If God could beget his son, avoiding sex, he can surely create the first human being the same way.
That’s how the priests came up with the doctrine that God created the first “man” in his own image and formed the “woman” from the rib of the man he had created.
“Woman” therefore means “bone of my bone and flesh of my flesh” according to the man whose rib “woman” was formed from.
From here, no one was left in doubt that “woman” is indeed an appendage of “man”. So, the priests would now comfortably say, “Wives, submit yourselves unto your husbands, as unto the Lord. For, the husband is the head of the wife, even as Christ is the head of the Church.
“Therefore, as the church is subject unto Christ, let wives be subjects unto their husbands in everything. And husbands love your wives, even as Christ loved the Church, and gave himself for it” (Eph. 5: 22-25).
But the priest would carefully and quickly add stories to warn men against being carried away by women who they described as used by the Devil to cause man’s fall. A well known story is that of Adam and Eve where Adam says, “The woman you gave me is responsible for my fall.” The other well known story is that of Samson and Delilah.
With such stories in mind, St. Paul who stayed away from women and never got married would say with a double tongue, “It is well for a man not to touch a woman but because of the temptation to immorality, each man should have his own wife and each woman her own husband.”
Another famous Father of the Church who dreaded women was St. Origen. He loathed women so much that he subjected himself to extreme methods of discipline, fasting and sleeplessness, summoning every power in him to resist being tempted by them.
When it dawned on him that he would not succeed, he cut off his manhood. The following verse in Mathew 19: 12 is an allusion to him. It says “There are eunuchs who made themselves eunuchs for the kingdom of heaven’s sake.”
The following advice from St. Paul is another allusion to Origen. It says “To the unmarried I say it is well for them to remain single as I do. But if they cannot exercise self-control, they should marry. It is better to marry than to be aflame with passion” (I Cor. 7:1-9).
All these white fabricated stories about a white male God, the first white male human being created as an image of God on earth, and the white woman formed from the rib of the first white man and called “woman” or “bone of my bone and flesh of my flesh” by the man from whose rib she was formed, are adopted and swallowed hook-line-and-sinker by Africans without thought.
For instance, “mukadzi” in Shona as a word or person is not in any way derived from or attached to “murume”.
It does not by any stretch of the imagination or magic mean “bone of my bone or flesh of my flesh” as the translators of the Bible from English to Shona blindly suggest.

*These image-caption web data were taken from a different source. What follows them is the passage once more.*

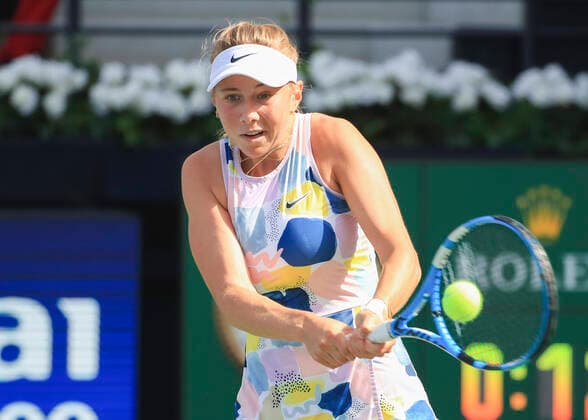 Amanda Anisimova (USA) Tennis - Dubai Tennis Championships 2020 - WTA, Tennis Damen - Dubai Duty Free Tennis Stadium - Dubai - - United Arab Emirates - 17 February 2020. Copyright: xJuergenxHasenkopfx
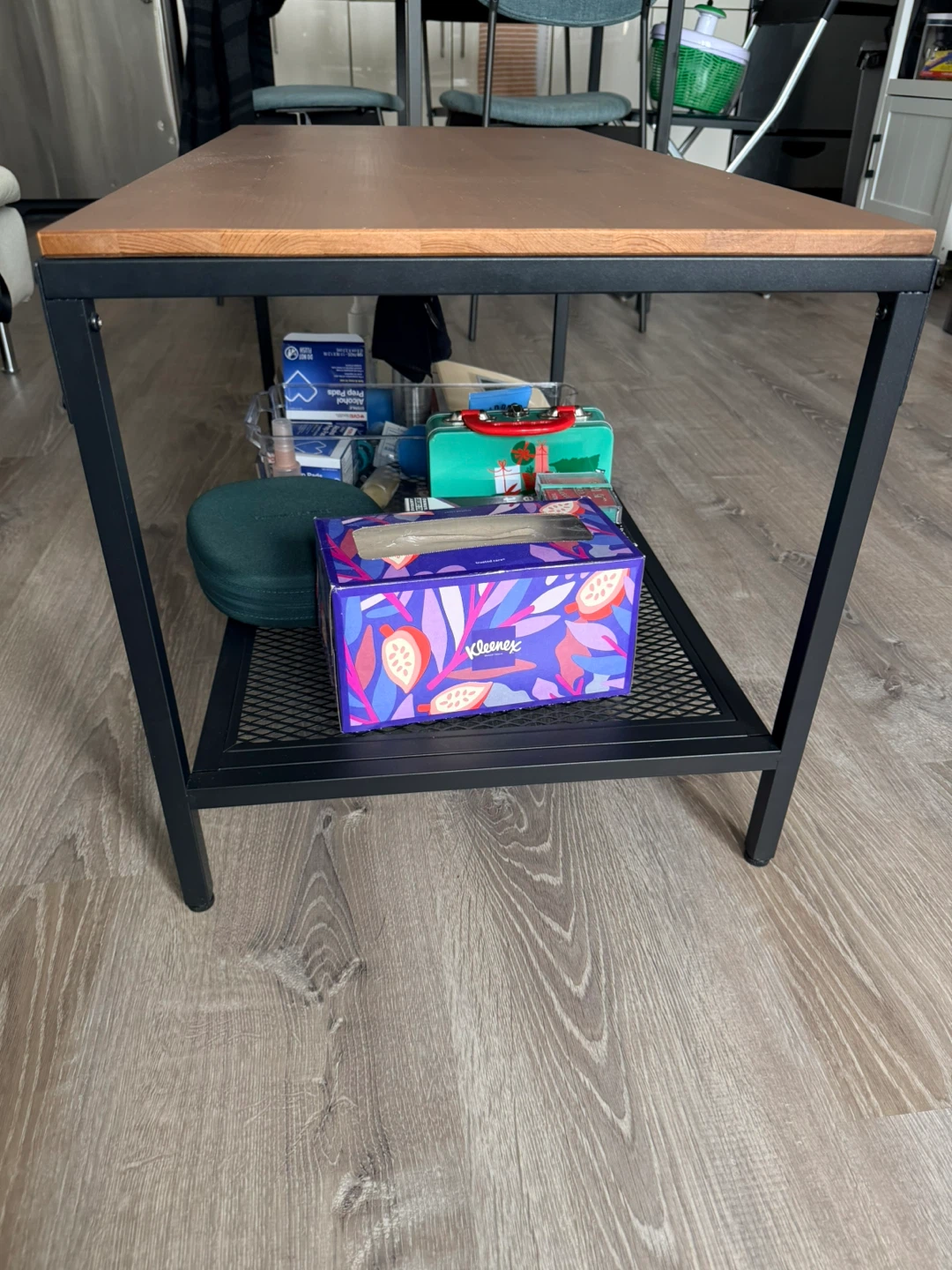 Industrial Coffee Table with Wood Top - photo 3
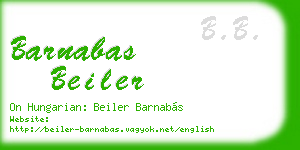 barnabas beiler business card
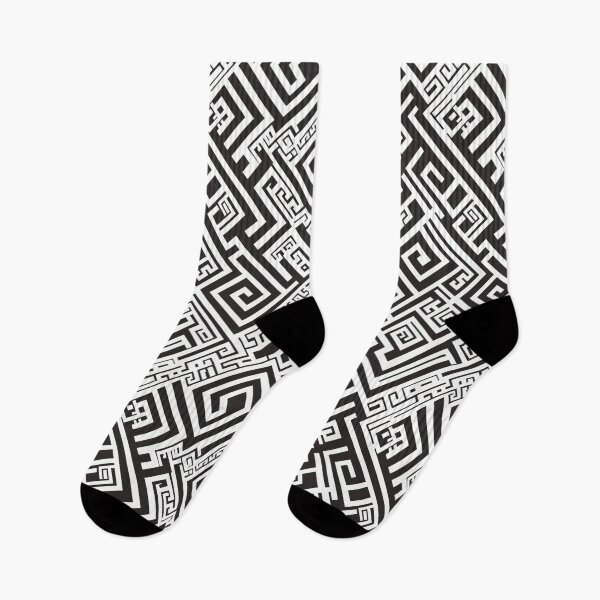 Item preview, Motivo clave griego blanco y negro II | Sin costura designed and sold by Unrooted.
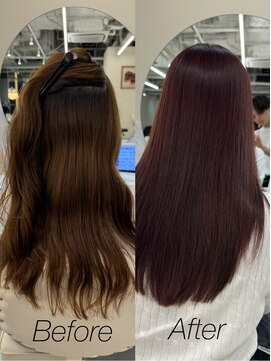 シェノン 心斎橋(CHAINON) チョコレートブラウン/髪質改善カラー/酸性縮毛矯正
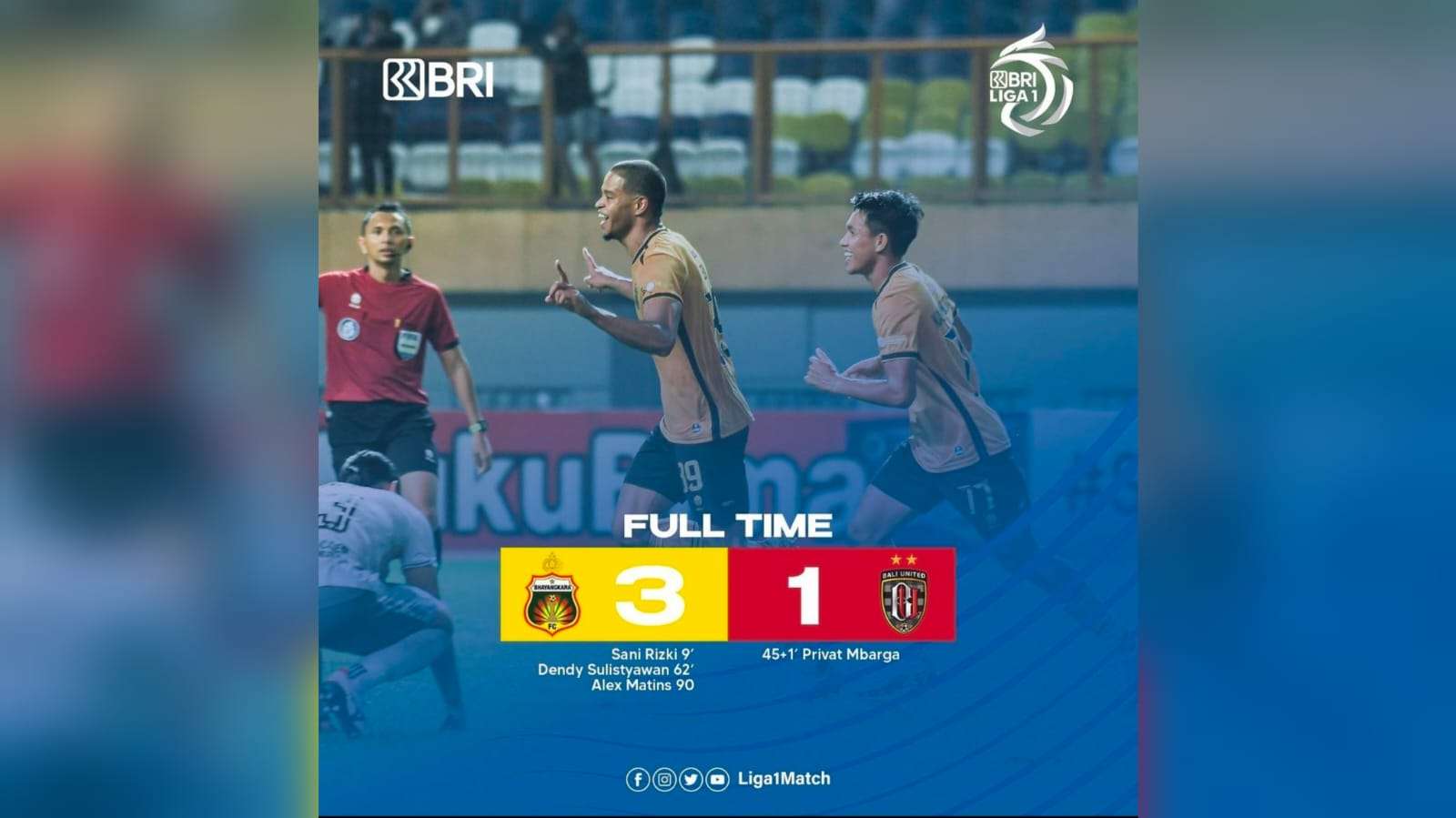 Hasil BRI Liga 1: Bhayangkara FC Lanjutkan Tren Positif Usai Sukses Tekuk Bali United 3-1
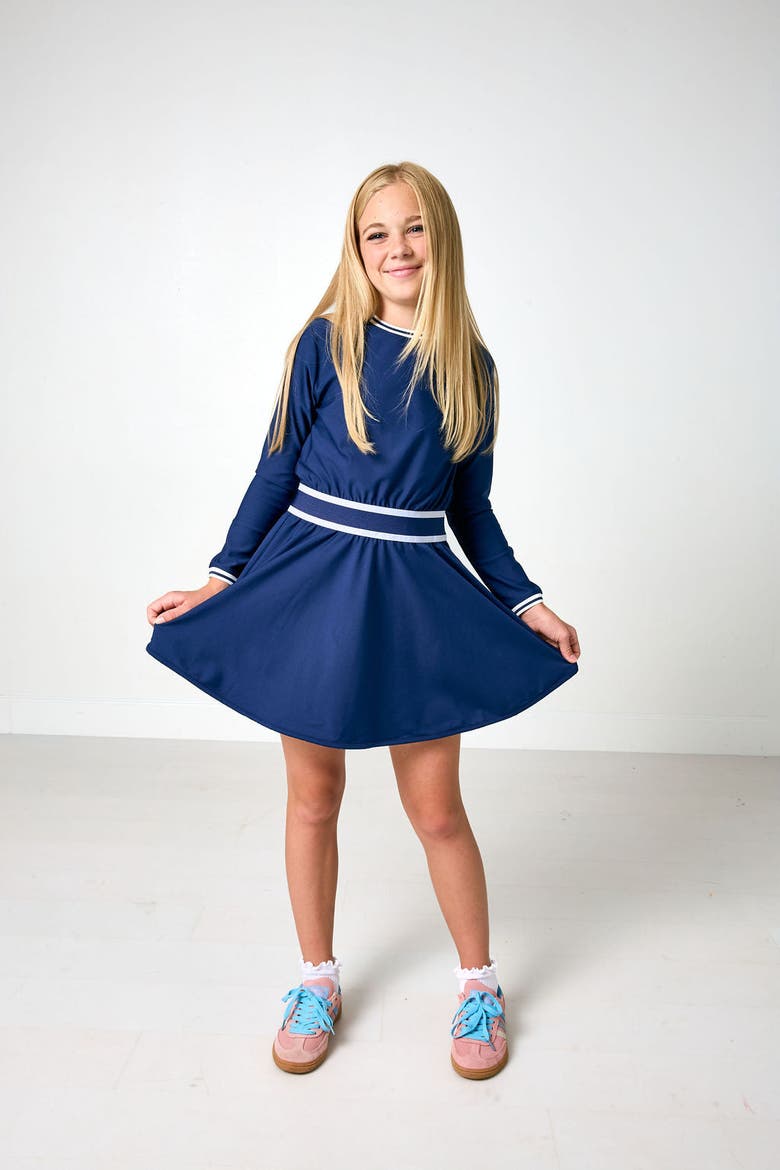 Club Long Sleeve Dress, Alternate, color, Navy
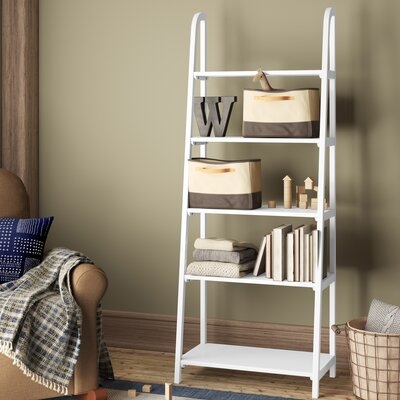 Lidio 72.2" H x 28" W Solid Wood Ladder Bookcase - Image 0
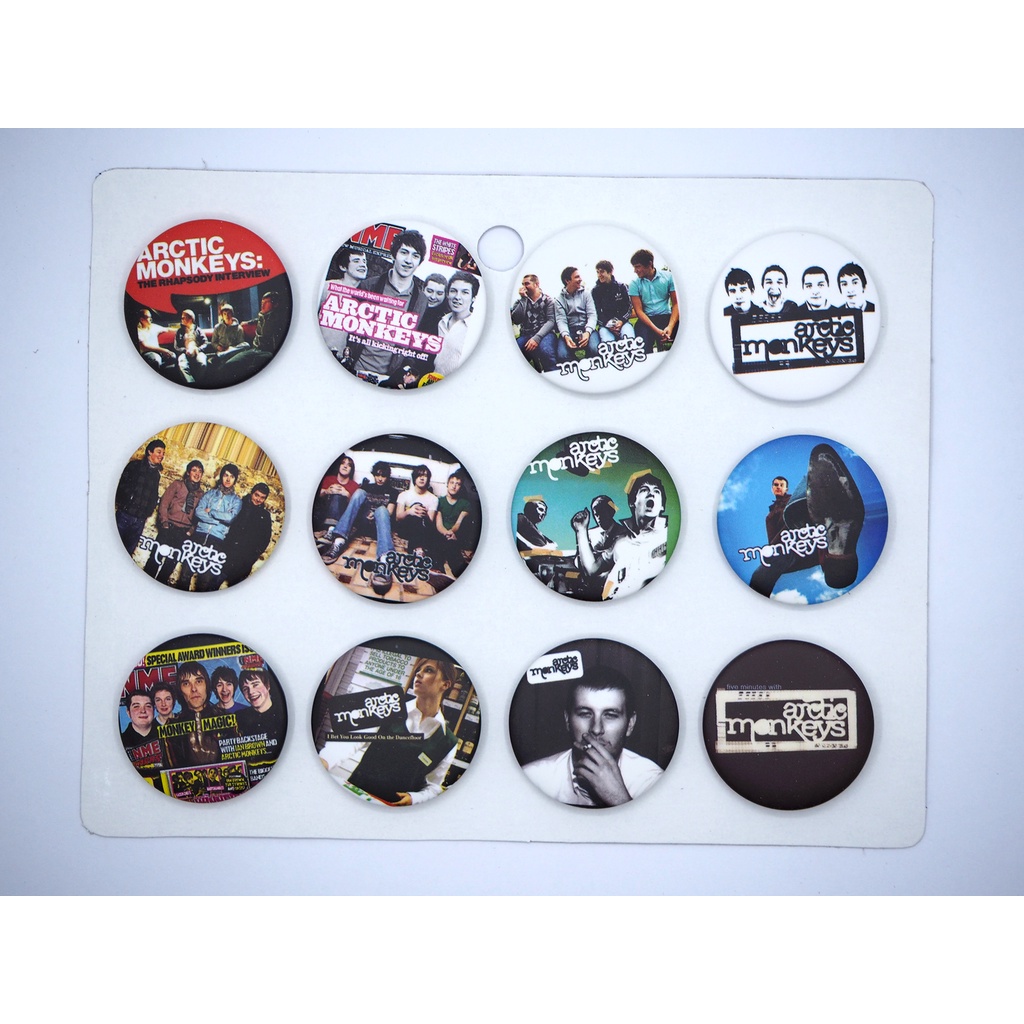 เข็มกลัด Arctic Monkeys อาร์คติก มังกี้ (Badge Set)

Mukadzi and murume in Shona who are “bone of my bone and flesh of my flesh” are one and the same person and do not marry. That’s why they refer to each other by the same word “hanzvadzi” which is not gendered.
Such examples as the above make it quite clear that the idea that “woman” or female are appendages of “man” and cannot exist on their own right as independent words or persons from “man,” does not belong to African worldview, but to white male priests who formulated them into a religion for their own white churches and white societies.
For Africans to abandon their God Mwari and embrace the white male God and white male-female relationships as fit for men and women in Africa, clearly attest to the view that, of all the struggles of liberation in Zimbabwe and Africa, the liberation of the African soul from its deep ingrained enthralment with the white man’s God and doctrines, remains an unfinished business.
In fact, it has not begun. When it begins, it may take a thousand years to awaken the African soul from its stupefied slumber, as Ian Smith once projected.